You can also skip the casing entirely and fry up sausage patties instead if you really want.
Load your meat in and SLOWLY start cranking it through, holding the loose end of the casing.
When the sausage starts filling the casing, tie the end off (it’s kind of like tying a balloon).
Keep churning the sausage through until you reach the end, working the sausage into a coil as you go. You’ll need to guide it gently to prevent it from getting overstuffed and bursting!
When you get to the end, tie it off.
To Shape sausage links
You can leave your sausage in a big coil or form links by sectioning off 3-inch pieces of sausage and twisting it around to separate it from the next one.
Twist one clockwise, then the next counterclockwise, until you’re done!
Now, take a sharp knife and poke a small hole in each link to let out any air that might have gotten trapped inside.
TA-DA! You made sausage!
They’ll keep for 3 days in the refrigerator or about six months in the freezer. Cook them for 7 minutes on each side until they’re cooked through – they’re so delicious!
Fry up your sage sausages for breakfast or dinner, or use them to make one of these recipes:
- Sausage Stuffed Acorn Squash
- Zucchini and Sausage in Pink Sauce
- Roast Sausages with Apples and Parsnips
- Baked Risotto with Sausage and Kale
- Cassoulet with White Beans, Sausage & Turkey
- 3 pounds pork shoulder
- 1 ½ tablespoons salt
- 1 tablespoon freshly ground black pepper
- 2 tablespoons minced toasted garlic
- ½ cup fresh minced sage
- 1 ounce white wine
- 2 cups ice water
- 1 small container sausage casing
- Grind the pork through a coarse grinding plate. Place into a chilled bowl set into a larger bowl of ice. Using your hands or a wooden spoon, mix in the salt until well blended. Mix in the pepper, garlic, and sage.
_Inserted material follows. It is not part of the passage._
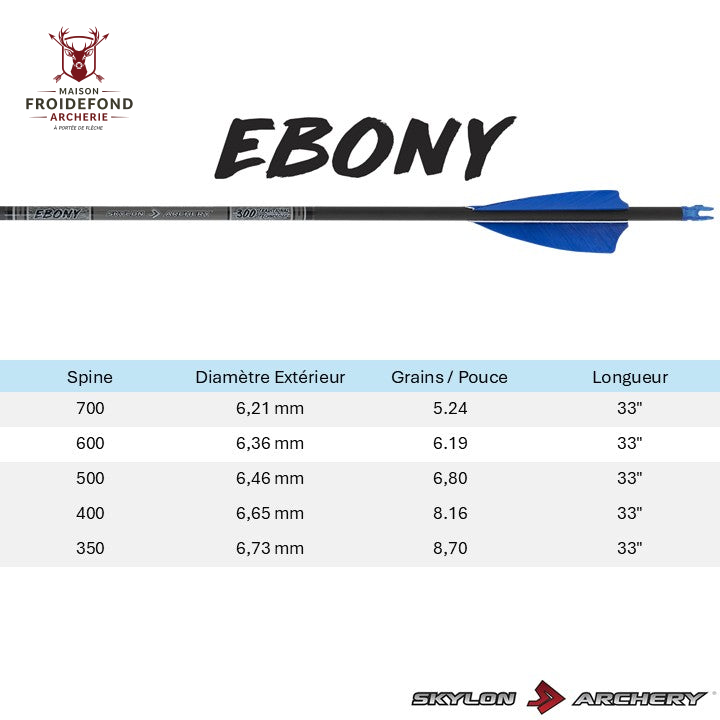 Flèches EBONY ID5.2 (lot de 12) - Skylon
- Add the white wine and test the consistency by pressing a small ball of meat into the bowl of a spoon and turning the spoon upside down; if the sausage stays for 5 seconds before falling, you’re ready to go! If not, add ice water little by little until you achieve the right balance.
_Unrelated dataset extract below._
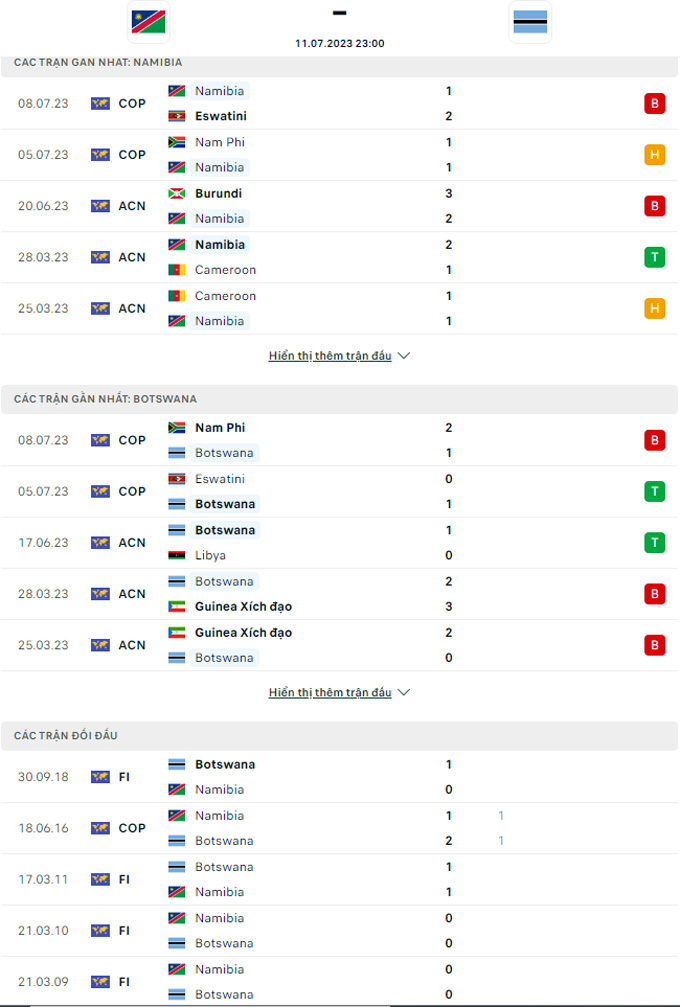 Soi kèo Namibia vs Botswana, 23h00 ngày 11/7 - Ảnh 3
- Form into patties or stuff into casings (see interactions above).
- Cook for 7 minutes on each side or until done.
4 thoughts on “Sausage Making 101: Classic Sage Sausage Recipe”
Traditionally a summer sausage (like salami or bologna) has additional added salt and is smoked and dried so thoroughly it can be stored during summer without refrigeration. (They’ve been making it since before refrigerators were invented, and butchers and deli workers used to hang them in an unrefrigerated window) Today we use less salt and less cooking on our lunchmeats so refrigerating them is a must.
Winter sausage or “fresh sausage,” is what we eat at McDonald’s today, and what you probably had for breakfast, it is not preserved because winter temperatures will do the job.
I grew up on a farm, we slaughtered our own hogs, and made our own sausage. A standard sausage recipe is
– 2 lbs of pork from the roughest toughest, toughest cut of the animal,
– 1 lb of pork fat (adjusted slightly according to how fatty your choice of pork-cut is
– 1 lb of “variety meat,” the liver, kidney, brains etc. whatever it is that you normally don’t eat
Season to taste.
You can make anything from German sausage to Italian sausage to currywurst to Mexican chorizo, to sage sausage, to bologna so this varies a lot, but standard seasoning is as follows:
1 tablespoon of salt
½ tablespoon of black pepper
½ tablespoon of garlic powder
½ tablespoon of ground dried sage
Beer or wine to taste.
Onions or scallions to taste
Grind coarsely (like hamburger) for most sausages, grind very finely and cook or smoke for lunchmeat.
To make liverwurst you must use 33% liver (typically smoked ahead of time). To make Braunschweiger (a heavenly form of liverwurst) you must also use a lot of bacon. You thought liver and onions don’t taste good. You were making them wrong.
Where do you buy the casings?
Great job! I am not sure that I will have the patience to make this…but I sure hope a friend of mine does!